Task brief
Retype the records that follow, every line exactly as written.
══════════════════════════════
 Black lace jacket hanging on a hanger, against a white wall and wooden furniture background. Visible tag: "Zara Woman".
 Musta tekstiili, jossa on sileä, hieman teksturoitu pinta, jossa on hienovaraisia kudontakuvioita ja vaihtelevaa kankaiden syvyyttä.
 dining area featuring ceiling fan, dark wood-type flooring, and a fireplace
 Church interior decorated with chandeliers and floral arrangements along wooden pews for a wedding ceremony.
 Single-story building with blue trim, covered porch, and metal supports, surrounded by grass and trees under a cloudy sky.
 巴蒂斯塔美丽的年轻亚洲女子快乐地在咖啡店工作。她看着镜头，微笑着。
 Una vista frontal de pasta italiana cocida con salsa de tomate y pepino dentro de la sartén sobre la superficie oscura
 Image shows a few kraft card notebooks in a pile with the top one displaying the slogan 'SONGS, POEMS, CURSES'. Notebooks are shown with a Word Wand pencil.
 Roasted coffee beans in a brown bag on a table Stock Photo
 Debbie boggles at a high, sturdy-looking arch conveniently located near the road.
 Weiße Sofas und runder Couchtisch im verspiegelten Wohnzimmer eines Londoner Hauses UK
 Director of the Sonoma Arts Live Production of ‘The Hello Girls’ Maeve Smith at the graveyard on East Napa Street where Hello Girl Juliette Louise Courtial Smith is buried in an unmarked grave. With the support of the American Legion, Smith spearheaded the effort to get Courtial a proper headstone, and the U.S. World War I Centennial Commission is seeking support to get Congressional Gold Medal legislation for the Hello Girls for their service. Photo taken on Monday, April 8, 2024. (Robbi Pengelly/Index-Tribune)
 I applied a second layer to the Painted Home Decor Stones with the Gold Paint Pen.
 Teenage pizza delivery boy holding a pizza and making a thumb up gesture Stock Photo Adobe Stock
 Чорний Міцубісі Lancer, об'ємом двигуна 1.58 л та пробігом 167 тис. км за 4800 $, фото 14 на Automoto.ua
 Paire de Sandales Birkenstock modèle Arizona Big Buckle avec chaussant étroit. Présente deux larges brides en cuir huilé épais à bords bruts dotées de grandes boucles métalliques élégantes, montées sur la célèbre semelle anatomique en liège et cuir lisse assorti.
══════════════════════════════
Solution to this problem
 Black lace jacket hanging on a hanger, against a white wall and wooden furniture background. Visible tag: "Zara Woman".
 Musta tekstiili, jossa on sileä, hieman teksturoitu pinta, jossa on hienovaraisia kudontakuvioita ja vaihtelevaa kankaiden syvyyttä.
 dining area featuring ceiling fan, dark wood-type flooring, and a fireplace
 Church interior decorated with chandeliers and floral arrangements along wooden pews for a wedding ceremony.
 Single-story building with blue trim, covered porch, and metal supports, surrounded by grass and trees under a cloudy sky.
 巴蒂斯塔美丽的年轻亚洲女子快乐地在咖啡店工作。她看着镜头，微笑着。
 Una vista frontal de pasta italiana cocida con salsa de tomate y pepino dentro de la sartén sobre la superficie oscura
 Image shows a few kraft card notebooks in a pile with the top one displaying the slogan 'SONGS, POEMS, CURSES'. Notebooks are shown with a Word Wand pencil.
 Roasted coffee beans in a brown bag on a table Stock Photo
 Debbie boggles at a high, sturdy-looking arch conveniently located near the road.
 Weiße Sofas und runder Couchtisch im verspiegelten Wohnzimmer eines Londoner Hauses UK
 Director of the Sonoma Arts Live Production of ‘The Hello Girls’ Maeve Smith at the graveyard on East Napa Street where Hello Girl Juliette Louise Courtial Smith is buried in an unmarked grave. With the support of the American Legion, Smith spearheaded the effort to get Courtial a proper headstone, and the U.S. World War I Centennial Commission is seeking support to get Congressional Gold Medal legislation for the Hello Girls for their service. Photo taken on Monday, April 8, 2024. (Robbi Pengelly/Index-Tribune)
 I applied a second layer to the Painted Home Decor Stones with the Gold Paint Pen.
 Teenage pizza delivery boy holding a pizza and making a thumb up gesture Stock Photo Adobe Stock
 Чорний Міцубісі Lancer, об'ємом двигуна 1.58 л та пробігом 167 тис. км за 4800 $, фото 14 на Automoto.ua
 Paire de Sandales Birkenstock modèle Arizona Big Buckle avec chaussant étroit. Présente deux larges brides en cuir huilé épais à bords bruts dotées de grandes boucles métalliques élégantes, montées sur la célèbre semelle anatomique en liège et cuir lisse assorti.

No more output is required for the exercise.